Now I can well understand how preoccupied you all have been lately with finishing papers, completing dissertations, and writing job applications, and how little time you have had to think of some of these larger questions. But I am here to remind you that there is a world out there – and it is beautiful when you look at it from outer space, but it is in trouble when you look more closely. It is a world that is often too intolerant for its own good, too violent for its own good, too unjust for its own good, too utterly unreasonable for its own good. It’s a world that is struggling with the challenges of poverty, of demography, of finite resources, of failed politics and of powerful technologies. And it’s a world that badly needs what education has to offer – a spirit of reasoned inquiry, of probing criticism, of robust understanding and of enlightened empathy, and an intellectual culture that treasures not just the cognitive, but the aesthetic and normative domains of knowledge as well.

Now don’t take my word for any of this.

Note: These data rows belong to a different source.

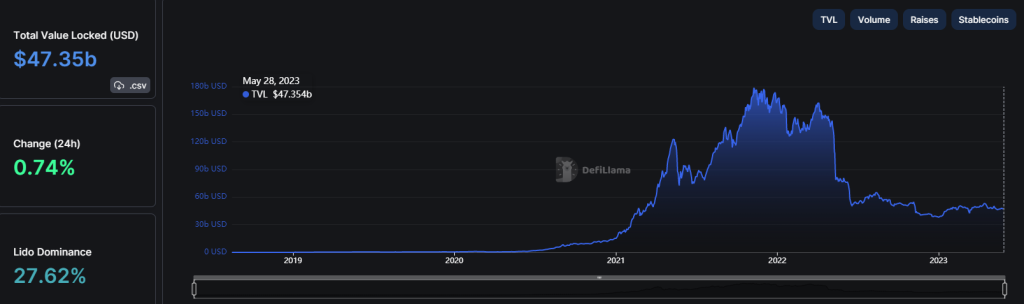 TrueFi, DeFi’s Battle for Institutional Adoption, and Why You Should Care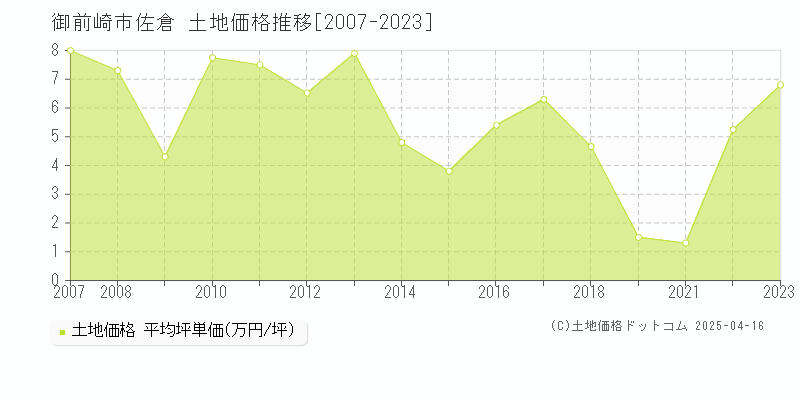 御前崎市佐倉の土地価格推移グラフ 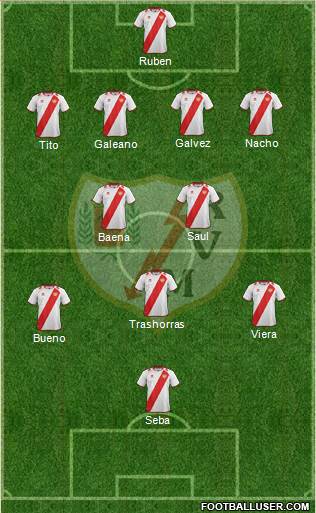 Rayo Vallecano de Madrid S.A.D. Formation 2013
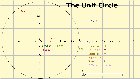 The Unit Circle [OC]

Ask some of your fellow graduates who are out there facing those very challenges.

Ask Jonathan Jansen (PhD ’91), now the Vice Chancellor of the University of the Free State in South Africa, the first black person to hold this position in what used to be a bastion of white elites in the days of apartheid, where bigotry and racism reigned supreme when he took office a few years ago and where he is fighting relentlessly – and quite successfully – to create a climate of tolerance and understanding at his university.

Or ask Pia Wong (PhD ‘94), who is in charge of teacher education at Sacramento State and is now co-chairing an extraordinarily ambitious, difficult, and important effort to re-think and re-design teacher credentialing in the State of California – an effort in which she is ably supported by her fellow graduates Ira Lit and Tara Kini.

Or ask Maggie Kilo from Cameroun (PhD ‘94), now a senior official of the African Development Bank, where her special responsibility is the role of education in the so-called “Failed States” of Africa and where she is now helping to salvage one of those failed states, Liberia, after its devastating civil war.

Or ask, for that matter, your fellow graduates of Stanford’s Teacher Education Program who have chosen to teach in Title I schools where they face first hand the stark realities of struggling families and of this country’s social disparities – and where they are not quitting but staying on – for we know that the retention rate of Stanford-trained teachers is truly exceptional!

What I am trying to tell you, honorable graduates, is that you will be in very good company as you graduate from Stanford’s Graduate School of Education. The Jonathan Jansens and the Maggie Kilos and your other fellow graduates around the world have been doing the difficult work of education, and they are telling you not only that it can be done, but that it is an exciting and rewarding way to go. They also bear testimony to the fact that the reach of this School does not stop at the borders of the United States. You are joining, in other words, one terrific group of people!

Let me close on a personal note. Two commencements from now, in 2015, it will be fifty years since I joined the faculty of this School as a budding Assistant Professor. Next to meeting my wonderful wife and having two great children, that has been the best thing that ever happened to me. It’s been an exciting and a challenging time, and it’s been an exquisite privilege to work with great colleagues and with great students like you. I am proud to be a member of this School, and you should be, too – just as we are mighty proud of you. Elliot is right: Education is a difficult task, but you’ve got what it takes, and you can make a difference. Go and do it, and I wish you God’s speed!